Make an exact copy of every record that follows.

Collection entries
◇ ◇ ◇ ◇ ◇ ◇ ◇

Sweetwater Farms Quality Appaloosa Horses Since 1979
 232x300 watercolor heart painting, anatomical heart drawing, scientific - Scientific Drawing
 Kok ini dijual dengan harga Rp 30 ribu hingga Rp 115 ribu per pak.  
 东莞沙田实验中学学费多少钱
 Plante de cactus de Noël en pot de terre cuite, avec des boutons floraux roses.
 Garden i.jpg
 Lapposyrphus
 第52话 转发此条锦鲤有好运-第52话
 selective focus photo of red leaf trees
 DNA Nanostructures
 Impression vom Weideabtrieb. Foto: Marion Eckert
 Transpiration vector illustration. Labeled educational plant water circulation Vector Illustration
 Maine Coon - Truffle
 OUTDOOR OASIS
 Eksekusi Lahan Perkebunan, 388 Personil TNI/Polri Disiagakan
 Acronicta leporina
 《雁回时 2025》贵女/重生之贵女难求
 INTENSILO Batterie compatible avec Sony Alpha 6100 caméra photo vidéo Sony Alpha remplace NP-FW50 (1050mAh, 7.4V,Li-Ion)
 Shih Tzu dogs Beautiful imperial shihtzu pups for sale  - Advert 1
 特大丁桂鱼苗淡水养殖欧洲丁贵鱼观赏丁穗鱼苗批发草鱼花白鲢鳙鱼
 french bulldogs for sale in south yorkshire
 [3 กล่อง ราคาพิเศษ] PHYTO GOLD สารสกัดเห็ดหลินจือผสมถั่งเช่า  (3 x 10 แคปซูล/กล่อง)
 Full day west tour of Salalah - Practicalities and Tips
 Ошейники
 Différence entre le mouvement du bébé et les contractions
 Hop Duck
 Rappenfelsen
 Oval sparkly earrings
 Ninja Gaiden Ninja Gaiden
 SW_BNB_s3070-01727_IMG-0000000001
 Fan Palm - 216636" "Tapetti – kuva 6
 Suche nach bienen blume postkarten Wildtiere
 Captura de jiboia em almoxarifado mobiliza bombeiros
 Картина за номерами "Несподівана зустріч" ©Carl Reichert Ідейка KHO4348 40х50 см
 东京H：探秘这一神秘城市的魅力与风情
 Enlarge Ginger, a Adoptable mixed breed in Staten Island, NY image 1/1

◇ ◇ ◇ ◇ ◇ ◇ ◇

#### Exercise solution
Sweetwater Farms Quality Appaloosa Horses Since 1979
 232x300 watercolor heart painting, anatomical heart drawing, scientific - Scientific Drawing
 Kok ini dijual dengan harga Rp 30 ribu hingga Rp 115 ribu per pak.  
 东莞沙田实验中学学费多少钱
 Plante de cactus de Noël en pot de terre cuite, avec des boutons floraux roses.
 Garden i.jpg
 Lapposyrphus
 第52话 转发此条锦鲤有好运-第52话
 selective focus photo of red leaf trees
 DNA Nanostructures
 Impression vom Weideabtrieb. Foto: Marion Eckert
 Transpiration vector illustration. Labeled educational plant water circulation Vector Illustration
 Maine Coon - Truffle
 OUTDOOR OASIS
 Eksekusi Lahan Perkebunan, 388 Personil TNI/Polri Disiagakan
 Acronicta leporina
 《雁回时 2025》贵女/重生之贵女难求
 INTENSILO Batterie compatible avec Sony Alpha 6100 caméra photo vidéo Sony Alpha remplace NP-FW50 (1050mAh, 7.4V,Li-Ion)
 Shih Tzu dogs Beautiful imperial shihtzu pups for sale  - Advert 1
 特大丁桂鱼苗淡水养殖欧洲丁贵鱼观赏丁穗鱼苗批发草鱼花白鲢鳙鱼
 french bulldogs for sale in south yorkshire
 [3 กล่อง ราคาพิเศษ] PHYTO GOLD สารสกัดเห็ดหลินจือผสมถั่งเช่า  (3 x 10 แคปซูล/กล่อง)
 Full day west tour of Salalah - Practicalities and Tips
 Ошейники
 Différence entre le mouvement du bébé et les contractions
 Hop Duck
 Rappenfelsen
 Oval sparkly earrings
 Ninja Gaiden Ninja Gaiden
 SW_BNB_s3070-01727_IMG-0000000001
 Fan Palm - 216636" "Tapetti – kuva 6
 Suche nach bienen blume postkarten Wildtiere
 Captura de jiboia em almoxarifado mobiliza bombeiros
 Картина за номерами "Несподівана зустріч" ©Carl Reichert Ідейка KHO4348 40х50 см
 东京H：探秘这一神秘城市的魅力与风情
 Enlarge Ginger, a Adoptable mixed breed in Staten Island, NY image 1/1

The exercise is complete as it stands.